Sozial engagiert: Junge Muslime sammeln für Flüchtlinge
Mit der Facebook-Aktion „Kleider gegen Kälte“ sammelten junge Muslime Winterkleidung für Flüchtlingsunterkünfte in Berlin.
Im Keller der Sehitlik-Moschee am Tempelhofer Columbiadamm liegen Berge von Altkleidern: Winterjacken, Hosen, Pullover und Schuhe stapeln sich auf den langen Tafeln, an denen sonst zu Ramadan nach Sonnenuntergang gespeist wird. Junge Muslime zwischen 16 und 34 Jahren sortieren die Anziehsachen nach Männer-, Frauen und Kinderkleidung und stopfen sie in blaue Müllsäcke. Mehr als drei Wochen wurden in vier Berliner Moscheen in Wedding, Neukölln und Tempelhof Kleiderspenden gesammelt, und die jungen Gläubigen verteilen die Altkleider an mehrere Flüchtlingsheime in der Stadt. „Kleider gegen Kälte“ haben sie ihre Aktion genannt. Geworben haben sie über Facebook und direkt in den Moscheen, sagt Linnea Keilonat.
„Wir haben schätzungsweise 180 Säcke mit Kleidung und Spielsachen zusammenbekommen“, sagt die 31-Jährige. Insgesamt seien rund 40 junge Muslime aktiv geworden. Keilonat, die vor sieben Jahren zum Islam konvertiert ist und Erwachsenenpädagogik studiert, trägt Kopftuch und Winterjacke. Auf der Internetseite der Stadt berlin.de hatte sie vor einem Monat einen Aufruf von einem Flüchtlingsheim gesehen, das um Kleiderspenden bittet. Daraufhin erkundigte sie sich bei mehreren Flüchtlingsunterkünften der Stadt nach deren Bedarf. Eigentlich wollte Keilonat nur einige Freunde zusammentrommeln. Der Anstoß, die Spendenaktion größer aufzuziehen, kam von ihrem Bekannten Sami Atris (23), den sie aus der Bibliothek kennt. „Wenn wir Spenden sammeln, dann machen wir es richtig“, sagt Atris. Jetzt, wo die Kälte spürbar ist, merkten die meisten Menschen, wie unverzichtbar warme Kleidung sei, da sei das Sammeln nicht so schwer gewesen, sagt der Student. Viele Spender hatten von der Situation in den überfüllten und provisorischen Flüchtlingsunterkünften in Berlin gelesen.
Dass unter den Flüchtlingen auch viele Muslime, z.B. aus Afghanistan sind, sei nicht ausschlaggebend für ihre Aktion gewesen, betonen die jungen Spendensammler. „Und sind sie Euch keine Geschwister im Glauben, so sind sie Geschwister der Menschlichkeit“, sagt Atris.
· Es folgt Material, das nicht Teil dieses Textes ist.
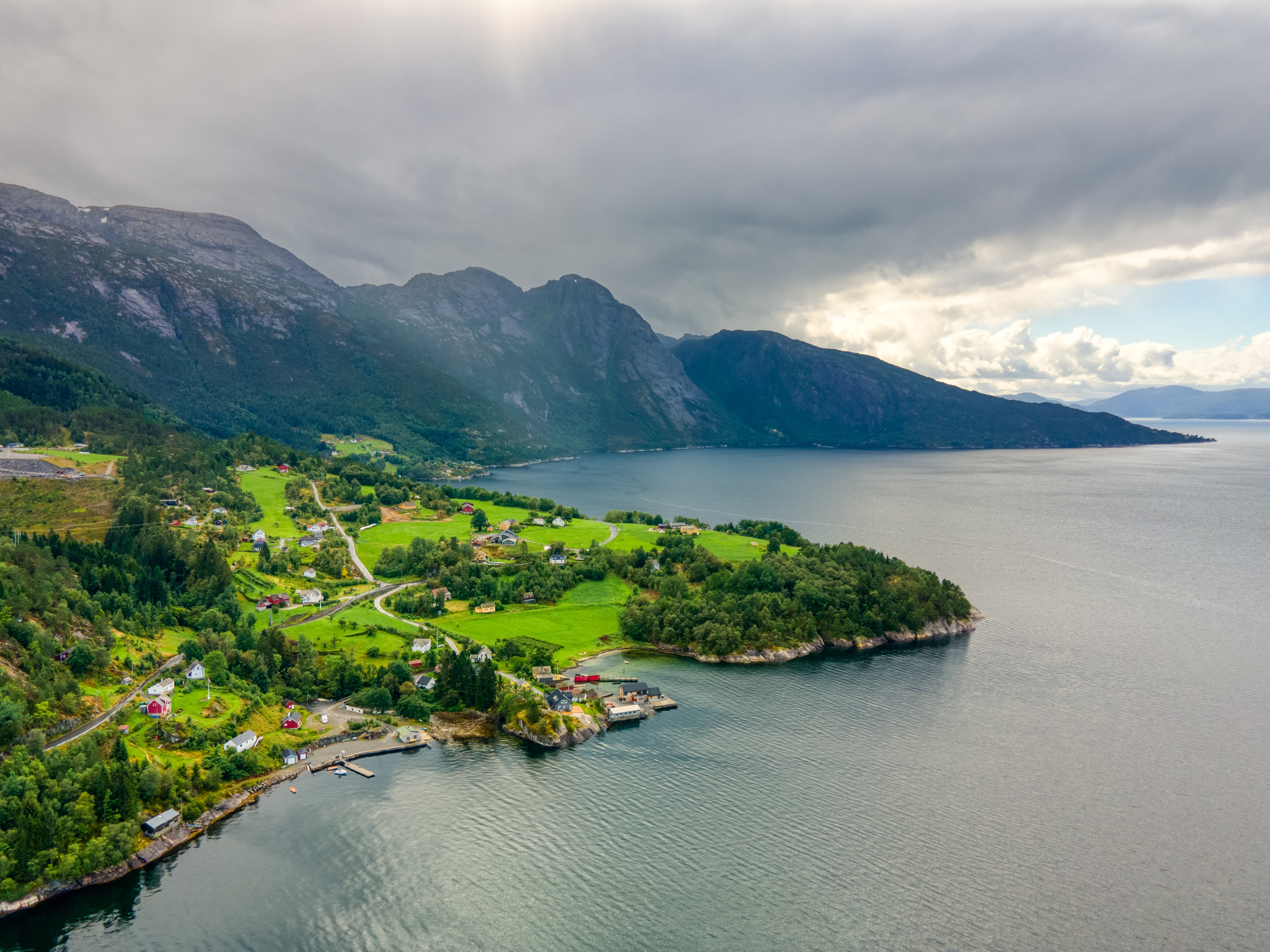 Kystlinje, innsjøer og elver i Bergen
Natürlich sammelten sie die Spenden für Angehörige aller Religionen. Die Armenabgabe sei schließlich eine der fünf Säulen des Islam.
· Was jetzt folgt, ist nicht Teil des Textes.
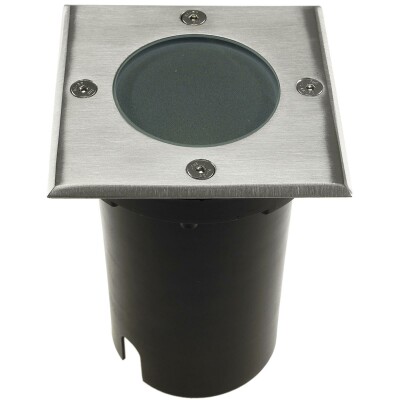 Bodenleuchte BEL Uni Q 10x10x14cm IP65 GU10 Fassung 4eckig
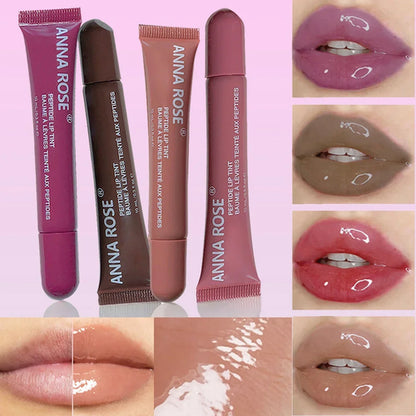 Miiror Glass Lip Glaze Jelly Oil: 1/4 Pcs Long Lasting Waterproof,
Das besondere sei, dass sich zwei sunnitische und zwei schiitische Moscheen beteiligt hätten. „Kooperationen dieser Art sind eher unüblich", erklärt Keilonat. Neben der Şehitlik-Moschee, stellten auch die Bilal-Moschee und die Al Hassanayn-Moschee in Wedding sowie die Al Torath-Moschee in Tempelhof Räume zur Verfügung, in denen die Sachen abgeliefert werden konnten. Und Atris, der auch ehrenamtlich für die Lebenshilfe tätig ist, freut sich besonders darüber, dass so viele junge Männer zum helfen gekommen sind. „Normalerweise bin ich bei solchen Aktionen der einzige Mann unter vielen Frauen“, sagt er.
Überglücklich waren die Spendensammler, als sie einem Flüchtlingsheim in Schöneberg die meisten Säcke übergeben konnten. „Die Aktion hat uns viele schlaflose Nächte gekostet“, sagen Keilonat und Atris. Doch fürs nächste Jahr stünden sie bereit, wenn es wieder Bedarf geben sollte.